Bug 570670 - Optimisations for GarbageCleaner
Summary: Optimisations for GarbageCleaner
Status: CLOSED MOVED
Alias: None
Product: MAT
Classification: Tools
Component: Core (show other bugs)
Version: 1.11   Edit
Hardware: All All
: P3 minor (vote)
Target Milestone: ---   Edit
Assignee: Project Inbox CLA
QA Contact:
URL:
Whiteboard:
Keywords:
Depends on:
Blocks:
 
Reported: 2021-01-26 11:54 EST by Jason Koch CLA
Modified: 2024-05-08 15:46 EDT (History)
2 users (show)

See Also:


Attachments
1_simplify_objectmarker_marking_code.patch (34.38 KB, patch)
2021-01-26 12:22 EST, Jason Koch CLA
no flags Details | Diff
2_getPage_perform_read_outside_sync_block.patch (4.52 KB, patch)
2021-01-26 12:23 EST, Jason Koch CLA
no flags Details | Diff
3_remove_unneeded_sync_in_ArrayIntCompressed.patch (1.02 KB, patch)
2021-01-26 12:23 EST, Jason Koch CLA
no flags Details | Diff
4_threadlocal_cache_for_indexwriter_page.patch (3.88 KB, patch)
2021-01-26 12:23 EST, Jason Koch CLA
no flags Details | Diff
5_use_fj_for_GarbageCleaner.patch (21.57 KB, patch)
2021-01-26 12:23 EST, Jason Koch CLA
no flags Details | Diff
6_patch_feedback.patch (2.93 KB, patch)
2021-01-26 12:23 EST, Jason Koch CLA
no flags Details | Diff
2b_fix_ensure_readdirect_multithreaded.patch (1.64 KB, patch)
2021-04-01 00:20 EDT, Jason Koch CLA
no flags Details | Diff
4_introduce_threadlocal_cache_for_indexwriter_getpage (2.71 KB, patch)
2021-04-01 00:23 EDT, Jason Koch CLA
no flags Details | Diff
7_fix_handle_garbagecleaner_overflow_on_large_dumps (1.29 KB, patch)
2021-04-01 00:26 EDT, Jason Koch CLA
no flags Details | Diff
8_enqueue_only_pointers.patch (4.76 KB, patch)
2021-05-11 09:01 EDT, Jason Koch CLA
no flags Details | Diff
8_enqueue_only_pointers_proper.patch (4.31 KB, patch)
2021-06-02 18:40 EDT, Jason Koch CLA
no flags Details | Diff

Note You need to log in before you can comment on or make changes to this bug.
Description Jason Koch CLA 2021-01-26 11:54:42 EST
I have a series of patches that improve performance in the GarbageCleaner codebase. After a brief discussion on the mailing list I propose these patches.

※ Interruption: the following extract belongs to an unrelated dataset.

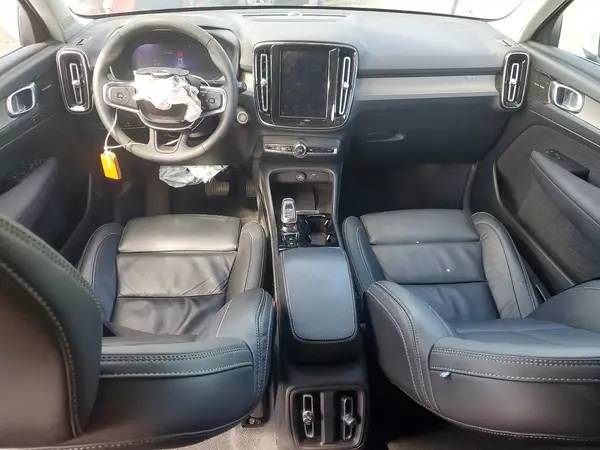 YV4L12UA2P2065372 2023 VOLVO XC40 - Image 8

All existing TCs pass. This results in a 4x speedup on a 16-core machine and significantly lower overall ('real' cpu usage) when parsing large (70+gb) hprof file with ~1 billion objects.
Comment 1 Jason Koch CLA 2021-01-26 12:22:47 EST
Created attachment 285390 [details]
1_simplify_objectmarker_marking_code.patch
Comment 2 Jason Koch CLA 2021-01-26 12:23:02 EST
Created attachment 285391 [details]
2_getPage_perform_read_outside_sync_block.patch
Comment 3 Jason Koch CLA 2021-01-26 12:23:13 EST
Created attachment 285392 [details]
3_remove_unneeded_sync_in_ArrayIntCompressed.patch
Comment 4 Jason Koch CLA 2021-01-26 12:23:27 EST
Created attachment 285393 [details]
4_threadlocal_cache_for_indexwriter_page.patch
Comment 5 Jason Koch CLA 2021-01-26 12:23:39 EST
Created attachment 285394 [details]
5_use_fj_for_GarbageCleaner.patch
Comment 6 Jason Koch CLA 2021-01-26 12:23:50 EST
Created attachment 285395 [details]
6_patch_feedback.patch
Comment 7 Jason Koch CLA 2021-01-26 15:21:24 EST
I've performed some before/after of this patchset and on the hprof files I have, the GC phase uses less memory than Phase1/Phase2. In practice this means that if there is enough heapspace allocated to get through to complete Phase2, then it will be completed through to the end. If there is not enough heapspace to get through to end of Phase2, then we do not get to the point of running GC.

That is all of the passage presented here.